(The data)
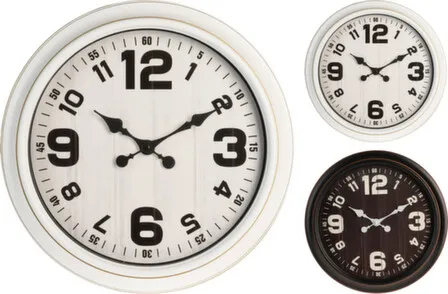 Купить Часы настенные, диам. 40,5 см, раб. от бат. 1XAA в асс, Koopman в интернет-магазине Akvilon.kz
(End The data)
(The data)
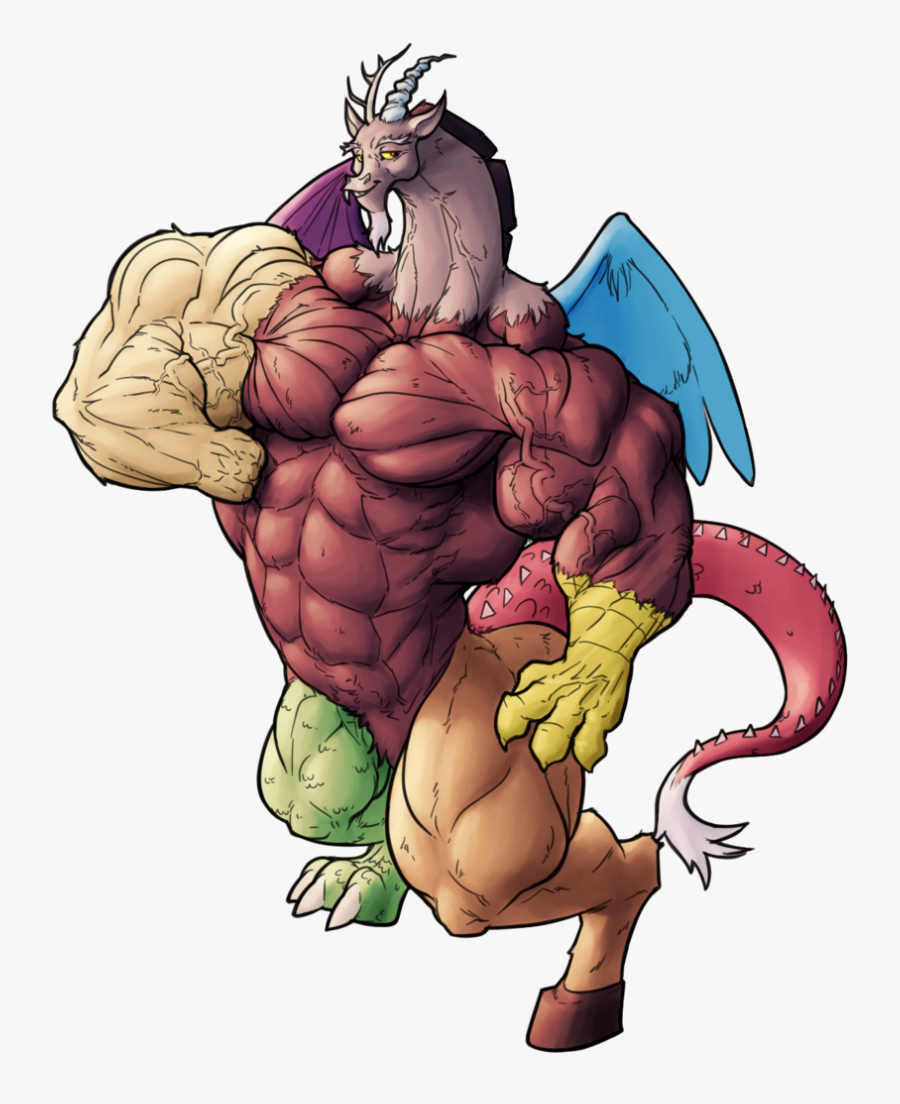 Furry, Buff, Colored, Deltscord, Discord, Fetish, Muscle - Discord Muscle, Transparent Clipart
(End The data)
(The data)
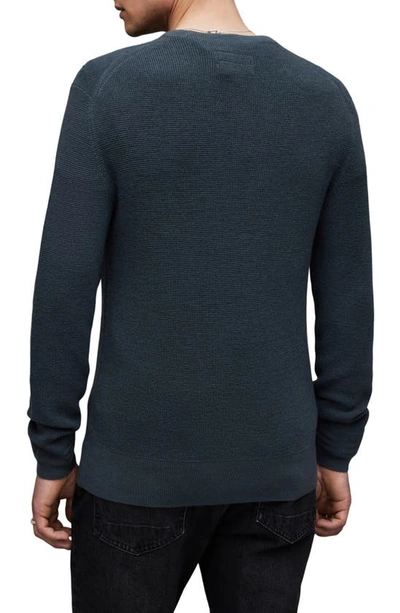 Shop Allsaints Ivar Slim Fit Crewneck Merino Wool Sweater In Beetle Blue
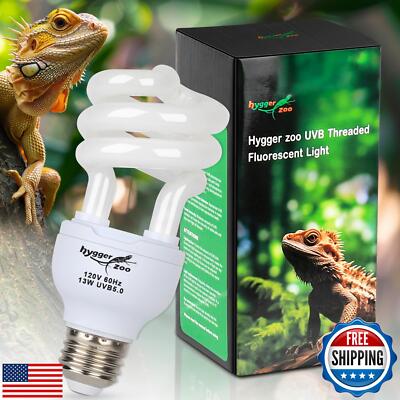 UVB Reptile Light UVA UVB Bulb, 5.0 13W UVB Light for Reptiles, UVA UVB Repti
(End The data)
Exercise: Copy word for word only the lines above from the one with "Shop Allsaints Ivar" through the one with "UVB Reptile Light". Leave pictures out.

Solved problem:
 Shop Allsaints Ivar Slim Fit Crewneck Merino Wool Sweater In Beetle Blue
 UVB Reptile Light UVA UVB Bulb, 5.0 13W UVB Light for Reptiles, UVA UVB Repti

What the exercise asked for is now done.